*** DATA SUPPLIED Section Begins ***

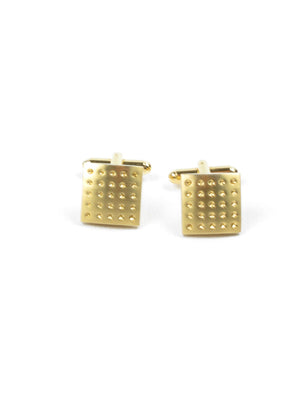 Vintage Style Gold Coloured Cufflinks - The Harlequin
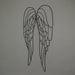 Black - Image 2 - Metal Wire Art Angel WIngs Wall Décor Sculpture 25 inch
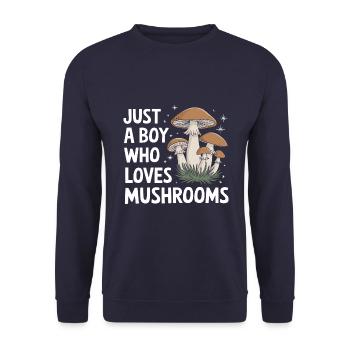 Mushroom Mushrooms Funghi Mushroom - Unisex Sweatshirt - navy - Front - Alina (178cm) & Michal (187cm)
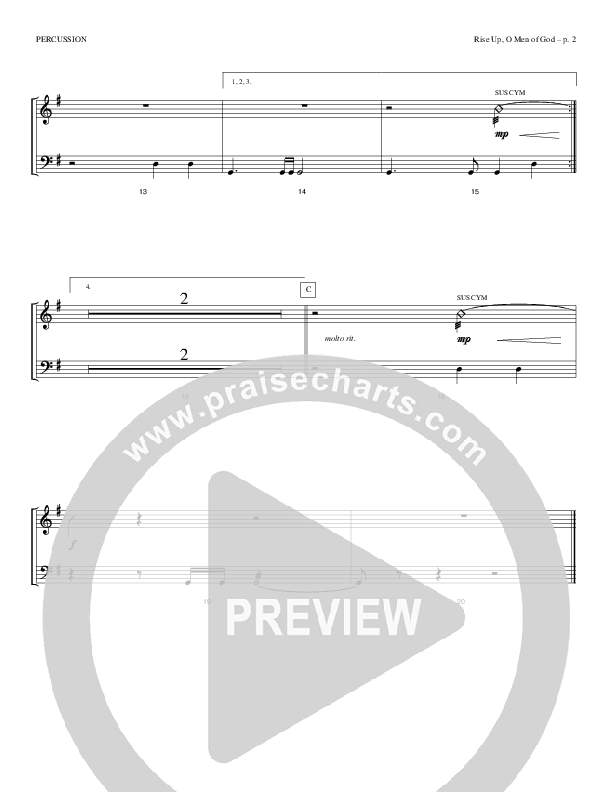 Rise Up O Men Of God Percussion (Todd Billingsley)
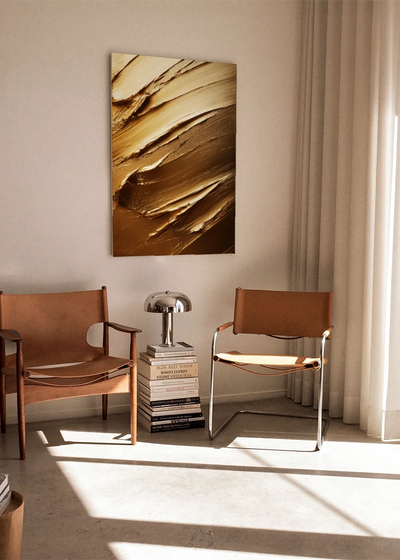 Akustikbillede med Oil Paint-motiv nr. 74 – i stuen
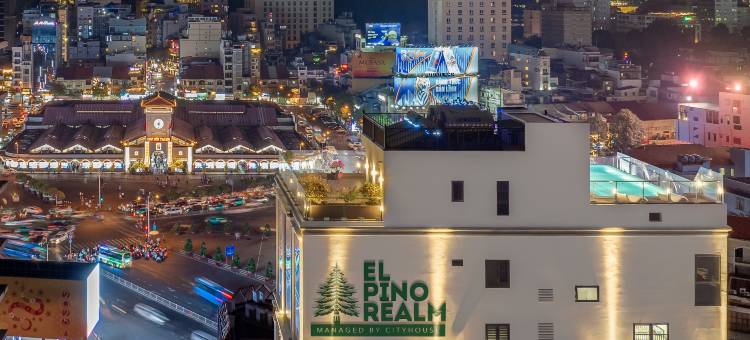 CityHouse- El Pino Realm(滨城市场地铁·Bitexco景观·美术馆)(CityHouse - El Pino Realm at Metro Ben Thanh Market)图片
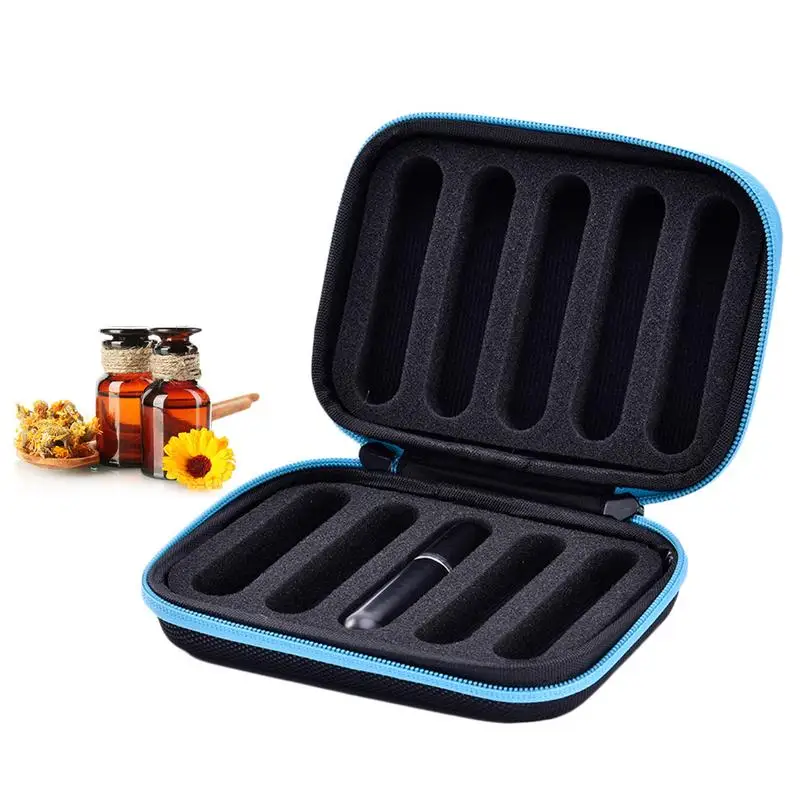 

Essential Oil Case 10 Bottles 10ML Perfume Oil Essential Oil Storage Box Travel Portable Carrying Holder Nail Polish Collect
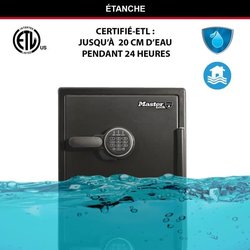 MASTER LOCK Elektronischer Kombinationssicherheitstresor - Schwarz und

*** DATA SUPPLIED Section Ends ***

Copy the records exactly. Skip the images.

SOLUTION FOR THIS PROBLEM —
 Vintage Style Gold Coloured Cufflinks - The Harlequin
 Black - Image 2 - Metal Wire Art Angel WIngs Wall Décor Sculpture 25 inch
 Mushroom Mushrooms Funghi Mushroom - Unisex Sweatshirt - navy - Front - Alina (178cm) & Michal (187cm)
 Rise Up O Men Of God Percussion (Todd Billingsley)
 Akustikbillede med Oil Paint-motiv nr. 74 – i stuen
 CityHouse- El Pino Realm(滨城市场地铁·Bitexco景观·美术馆)(CityHouse - El Pino Realm at Metro Ben Thanh Market)图片

Essential Oil Case 10 Bottles 10ML Perfume Oil Essential Oil Storage Box Travel Portable Carrying Holder Nail Polish Collect
 MASTER LOCK Elektronischer Kombinationssicherheitstresor - Schwarz und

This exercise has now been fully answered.